The grotesque masks pictured are beehives made from organic materials including wood, straw, and cow manure: they were intended to ward off the ‘evil eye’ and honey thieves. This unique form of beehive and craftsmanship was prevalent in northern Germany between the sixteenth and nineteenth centuries. Within the field of bee research, they reflect the belief in magic and thus provide an alternative model to the dominant concepts of modern beekeeping, which often seeks to use modern technology to achieve productivity, profitability, and control over bees.
“Micheldorf Micheldorf Micheldorf Micheldorf” by Elias Holzknecht is a cartography of four places in Austria bearing the same name: Micheldorf, indeed. Holzknecht’s approach suggests a peculiar use of non-linear contemporary storytelling, which involves shuffled elements to nurture personal, new narratives by combining photography, cartography, mind maps, and texts to create an undefined reality of (a) real place(s).

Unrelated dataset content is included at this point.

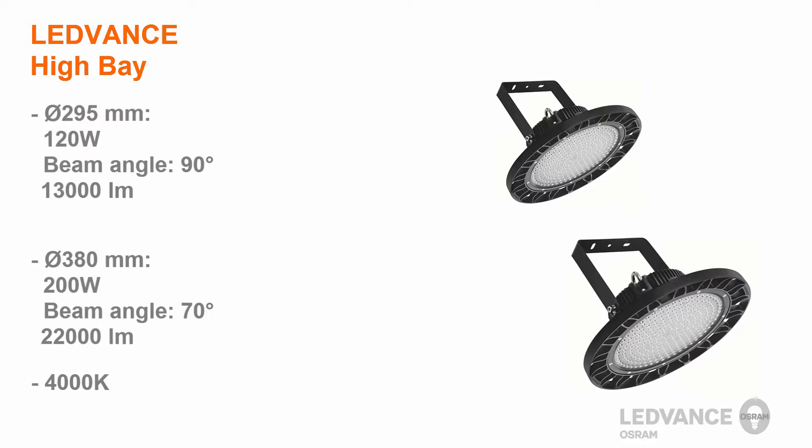And now, let us demonstrate how easy it is to install this LeadVance luminaire.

The work “The Perfect Crime: Concerning the Murder of Reality” by Jan Staiger and Malte Uchtmann presents a documentary investigation through stage photographs and AI-manipulated contents. Through different visual levels, the project explores the extent to which supposed knowledge about police work, which locations potentially harbor danger, and which characteristics allow victims or perpetrators to be recognized, is reinforced through fictional representations in crime series.

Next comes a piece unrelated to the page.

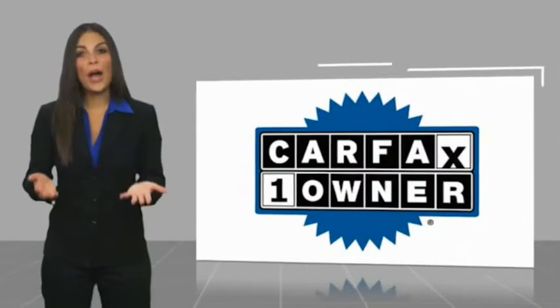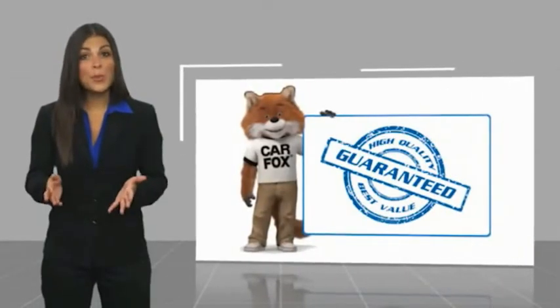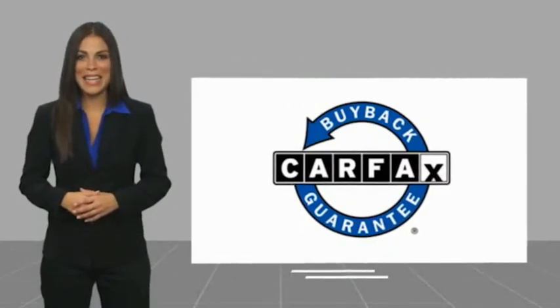This is a one-owner vehicle with a Carfax Vehicle History Report. Be sure to find a complimentary copy of this report online or contact the dealership. This vehicle qualifies for the Carfax Buyback Guarantee.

Arnout and Michiel De Cleene’s shortlisted project is “Amidst the Fire, I Am Not Burnt”, a documentation of the iconic Vesuvian landscape. Through scientific and folkloristic data, through text and images, historic and present-day representations are gathered to narrate an iconic landscape that has built a socialscape of both stored and destroyed stories around Neapolitan culture through each alternating eruption and quietude.

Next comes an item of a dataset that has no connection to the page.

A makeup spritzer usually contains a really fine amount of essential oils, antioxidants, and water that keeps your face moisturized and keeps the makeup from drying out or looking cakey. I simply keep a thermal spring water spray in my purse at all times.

Naima Green’s work “Keep Missing My Water” is a documentation of the Black and Queer communities the artist is part of. Green explores the seductive power of still and moving images within the personal quest around water as a fluid and lively metaphor for her life relationships. The work becomes a method to deepen connections between the self and the other, the body and the environment, thus a documentation of the process of slowing down and focusing on the simple pleasures of life.